# Zre vs. Xre



## JA2285 (Jan 25, 2011)

Why would someone choose one over the other?

ZRE appears to have a higher yield and have split their top 10 holdings up a bit more over XRE. Both have the same MER..

Any insight here?


----------



## PMREdmonton (Apr 6, 2009)

JA2285 said:


> Why would someone choose one over the other?
> 
> ZRE appears to have a higher yield and have split their top 10 holdings up a bit more over XRE. Both have the same MER..
> 
> Any insight here?


In principle, ZRE could have higher diversification and better returns but more volatility because they are equal weight whereas XRE is cap weighted.

Because XRE is cap weighted, the top 3 holdings make up more than 50% of the portfolio. Some have said that you may be better off in the long run just buying the top 3 holdings and avoiding the MER but that does involve more work, more trades and higher commissions. 

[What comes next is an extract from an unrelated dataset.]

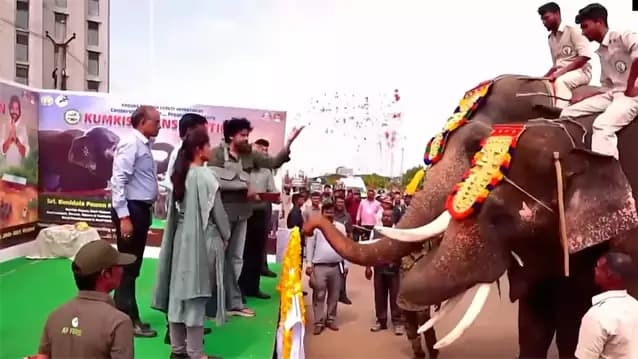 మన్యం జిల్లాకు కుంకీ ఏనుగులకు స్వాగతం పలికిన పవన్ కల్యాణ్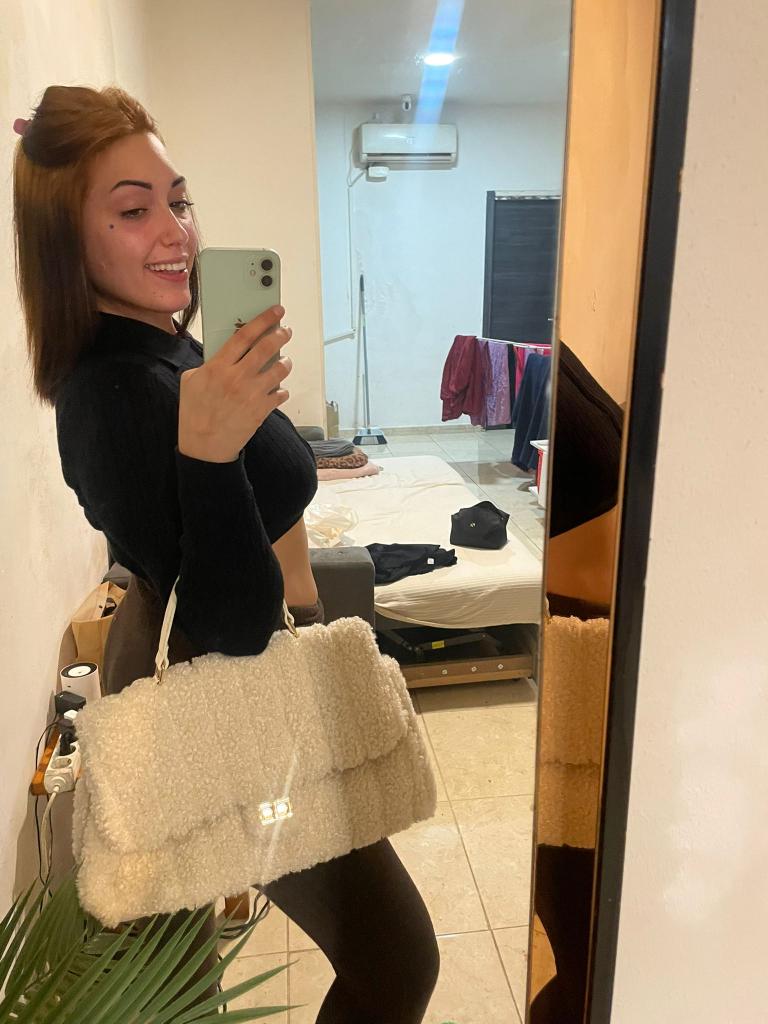 Chica busca chico en Barcelona:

In the end, either is fine but just slightly different as I outlined above.


----------



## ChrisR (Jul 13, 2009)

Because of the equal weighting, ZRE gives relatively greater exposure to the smaller REITs, and avoids the biggest problem with XRE, that 3 stocks make up greater than 50% of the holdings.

On the other hand, ZRE also has some potential risks: 

The equal weighting means that this ETF is likely to have a higher portfolio turnover than a cap-weighted ETF like XRE. This could trigger capital gains taxes. 
ZRE is still a very small ETF. If it turns out to not be profitable it could be discontinued, which would trigger further capital gains taxes.

I personally hold both these ETFs in roughly equal amounts. ZRE in my TFSA, where it is protected from capital gains taxes that could be triggered if the ETF were liquidated, and XRE in my non-registered account.


----------



## Financial Cents (Jul 22, 2010)

PMREdmonton said:


> In principle, ZRE could have higher diversification and better returns but more volatility because they are equal weight whereas XRE is cap weighted.
> 
> Because XRE is cap weighted, the top 3 holdings make up more than 50% of the portfolio. Some have said that you may be better off in the long run just buying the top 3 holdings and avoiding the MER but that does involve more work, more trades and higher commissions.
> 
> In the end, either is fine but just slightly different as I outlined above.


Well said. I own the top 2 holdings of XRE directly. 

I am tempted to buy XRE for wife's TFSA next year until I get enough invested in her TFSA to buy and DRIP BEI.UN and REF.UN.


----------